Si le terrorisme est le rêve du pouvoir, alors l’état d’urgence est le rêve de ce rêve. Autant dire les chiottes du pouvoir. Là où il fait sous lui, sans aucune limite, sans aucune contrainte, pris d’une incroyable diarrhée policière qui passe par des interdictions de manifestations, des assignations à résidence et des perquisitions à domicile dans une incessante prolifération donnant l’impression que l’Etat ne peut plus rien faire d’autre que de nous chier à la gueule des pyramides de merde. Quand Manuel Valls dit que l’état d’urgence sera maintenu "jusqu’à ce que nous nous soyons débarrassés de l’Etat islamique", c’est un peu comme s’il nous disait qu’il avait privatisé les chiottes d’un restaurant jusqu’à ce que celui-ci ne fasse plus rien à manger.

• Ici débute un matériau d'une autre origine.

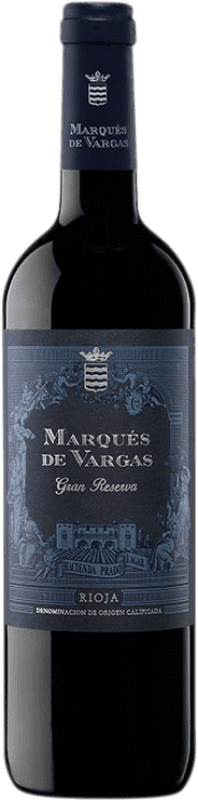 44,95 € | Красное вино Marqués de Vargas Гранд Резерв D.O.Ca. Rioja Ла-Риоха Испания Tempranillo, Grenache, Mazuelo 75 cl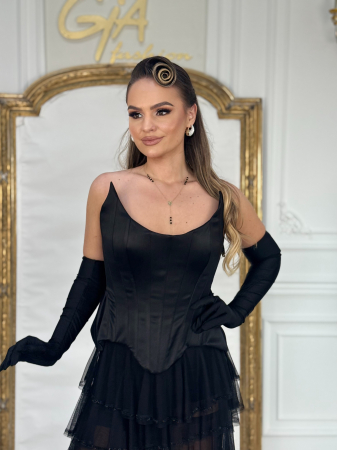 Bluze - Corset Rellia cu mănuși BLACK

"Il y a pour les hommes deux péchés capitaux, d’où découlent tous les autres, écrit Kafka : l’impatience et la paresse. L’impatience les a fait chasser du Paradis, la paresse empêche qu’ils reviennent. Mais peut-être n’y a-t-il qu’un péché capital : l’impatience. L’impatience les a fait chasser, l’impatience empêche qu’ils reviennent." Un ami m’a dit : "On devrait écrire sur les murs la phrase de Philip K. Dick : L’Empire n’a jamais pris fin. Ca devrait être notre slogan." Oui, et on devrait aussi écrire, retraduite, la phrase de Kafka : "Il n’y a qu’un seul péché capital : l’urgence." La notion même d’urgence montre que l’Etat ne sait plus ce qu’il fait. Un peu comme le dieu du Président Schreber qui, non content d’avoir exterminé par erreur la totalité de l’humanité en essayant de se défaire de son attraction sexuelle trop grande pour le visionnaire, a entouré ce dernier d’une humanité de rechange faite rapidement avec les nerfs des anciens morts : les Hommes bâclés à la 6-4-2. L’homme de pouvoir est comme le dieu schizophrène de Schreber: impuissant à nous prouver son amour, après nous avoir psychiquement épuisé comme un mari abusif et jaloux, il nous séquestre dans son petit dispositif de surveillance minable. Et ce petit dispositif, il l’appelle l’urgence. "Message urgent: je t’aime !" pourrait être le slogan perpétuel des hommes de pouvoir. On ne devrait pas parler d’urgence, mais d’Etat bâclé à la 6-4-2.

De même qu’on ne lutte pas contre un amoureux éperdu en lui répondant qu’on ne l’aime pas mais en cessant de lui écrire, on ne lutte pas contre les hommes de pouvoir en faisant de la politique contre eux, mais en faisant quelque chose qu’ils sont incapables d’utiliser dans leur lutte sempiternelle pour exister. On ne répond pas à l’urgence par une autre urgence, ni par un ralentissement, mais par le pas de côté qui instaure un autre rythme et nous permet une autre mélodie sur lequel chanter notre chanson. Notre seule arme est le Temps. Notre pas de côté, ce sera de ne plus rien faire dans l’urgence. Prendre notre temps pour tout, et même pour ne pas répondre. Apprendre à respirer, apprendre à vivre, apprendre à écouter et sourire. Apprendre à se taire quand on nous demande de répondre et à parler quand on ne nous demande rien. Apprendre à donner parce qu’il n’y a plus de greniers dans lesquels amasser quoi que ce soit. Et apprendre à recevoir parce que chaque cadeau que l’on nous fait est également la forme cryptée d’une mission. Devenir gnostiques, enfin: c’est-à-dire opposés au pouvoir qu’on tente d’exercer sur nous comme à celui que l’on est susceptible d'avoir sur les autres. Et proscrire définitivement "urgent" de notre vocabulaire, parce qu’il n’y a aucune "urgence" qui tienne; parce qu’il n’y a vraiment jamais rien d’"urgent".